Hepatocellular carcinoma (HCC) is a highly heterogeneous disease, which makes prognostic prediction challenging.We aimed to investigate association of TNFRSF4 expression with the immune infiltration and gene mutation in HCC.

METHODS:

In this study, the expression profiles and corresponding clinical data of HCC patients were downloaded from the Cancer Genome Atlas (TCGA) database.

Kaplan-Meier and Cox regression were used to evaluate the clinical value of TNFRSF4. ESTIMATE and CIBERSORT algorithms were applied to investigate the infiltration ratio of 22 immune cells. The WGCNA and LASSO COX algorithms were performed, establishing a prognostic risk model that was then validated by HCC samples from GEO. Finally, the effects on gene mutation occurring in HCC patients of TNFRSF4 expression and risk score were appraised.

RESULTS:

In HCC tissues, it was found the TNFRSF4 expression profile was significantly different with age, gender, tumor grade, disease stage, prominently affecting the survival outcome and prognosis of patients. Univariate and multivariate COX regression analysis suggested that TNFRSF4 was an independent prognostic marker. Samples of high/low expression of TNFRSF4 were screened for differential genes, and then the WGCNA and LASSO COX constructed a 13-gene signature, excellently dividing samples into hign/low risk groups. Compared with the low-risk group, the overall survival (OS) of high-risk group was markedly lower, with $P<$ 0.0001. By ROC curve analysis, the predictive ability of the 13-gene signature was further confirmed. Both the high/low TNFRSF4 expression and the high/low risk score were demonstrated to exert effects on the frequency of gene mutation in HCC.

CONCLUSIONS:

As an independent prognostic marker of HCC, TNFRSF4 was found simultaneously to affect the immune infiltration of cells and the frequency of gene mutations.

Keywords

TNFRSF4 hepatocellular carcinoma prognosis immune infiltration mutation

Abbreviations

AUC, area under curve;

GEO, gene expression omnibus;

GM, gene mutation;

HCC, hepatocellular carcinoma;

IRGs, immune-related genes;

KM, Kaplan-Meier;

LASSO COX, least absolute shrinkage and selection operator;

ROC, receiver operating characteristic;

RS, risk score;

TCGA, cancer genome atlas;

WGCNA, weighted gene co-expression network analy- sis.

1. Introduction

HCC is the most common type of liver cancer globally, is expected to significantly increase over the next 10 years [1, 2].

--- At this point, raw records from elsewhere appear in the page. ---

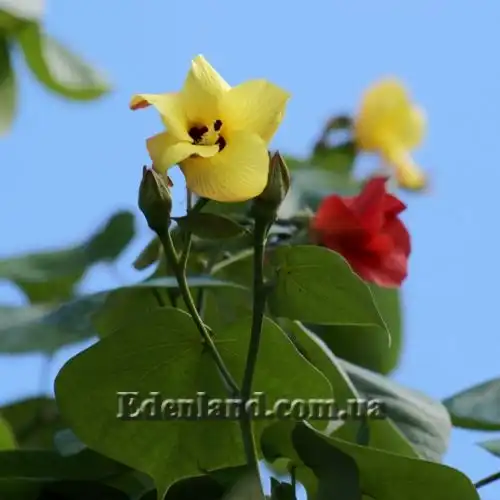 Зображення цвітіння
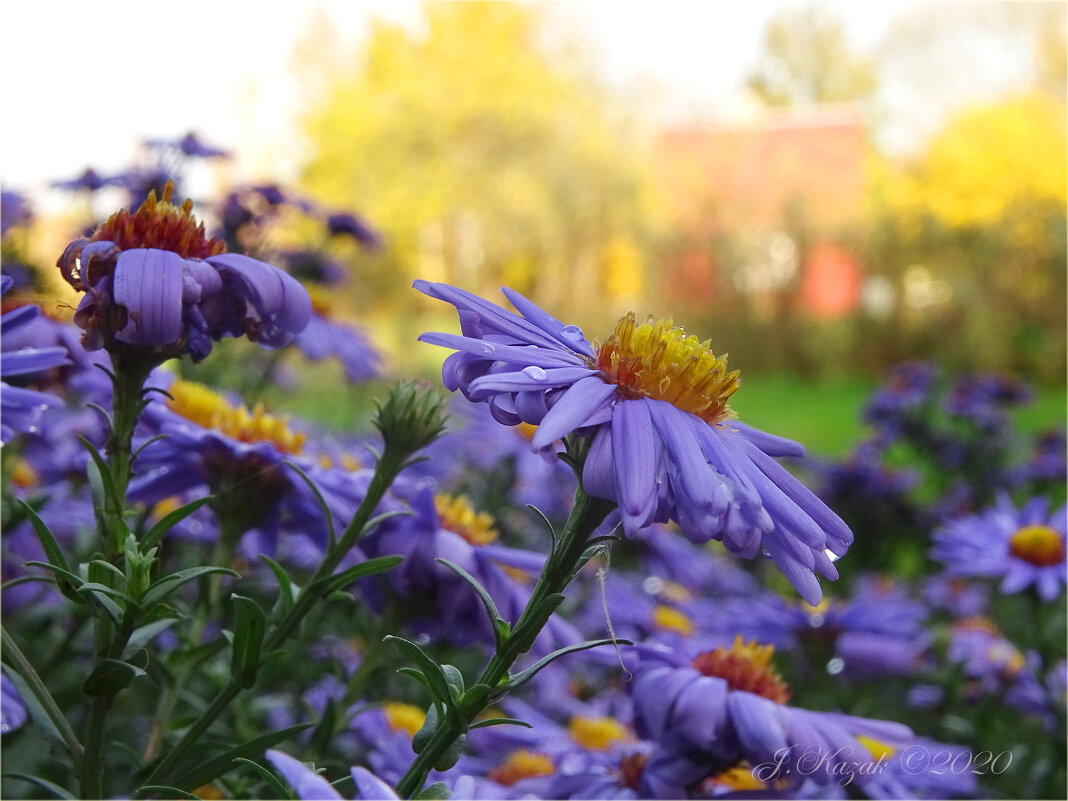 * - Елена Kазак (selena1965) * - Елена Kазак (selena1965)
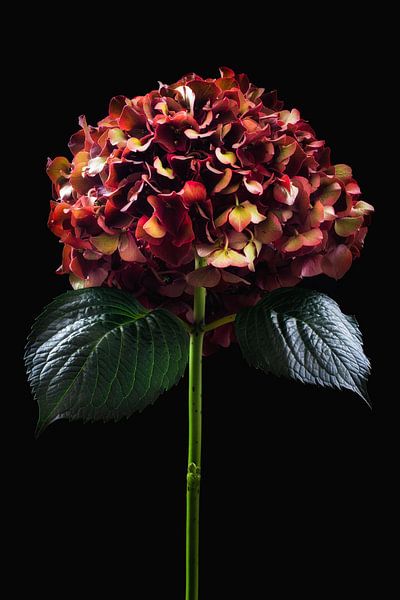 Hortensie in Herbstblüte von Klaartje Majoor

Although there are many ways to treat HCC, less than 9% of HCC patients can survive over five years [3]. The high recurrence and metastasis lead to the poor overall survival [4]. Therefore, the determination of reliable prognostic markers is crucial to improve the prognosis of HCC patients.

The tumor immune microenvironment is the environment where tumor cells interact with the immune system. In addition, the mutual interactions between tumor cells and the surrounding tumor microenvironment will eventually promote tumor development and metastasis [5]. Immunotherapy is the most significant way to treat cancer [6], wherein PD-1/PD-L1 pathway is regared as the best target for immunotherapy. Although many studies have reported the impact of PD-1 pathway on prognosis, fewer patients benefit from PD-1/PD-L1 immunotherapy [7, 8]. Thus, the immune microenvironment urgently awaits to be better understood to improve prognosis prediction.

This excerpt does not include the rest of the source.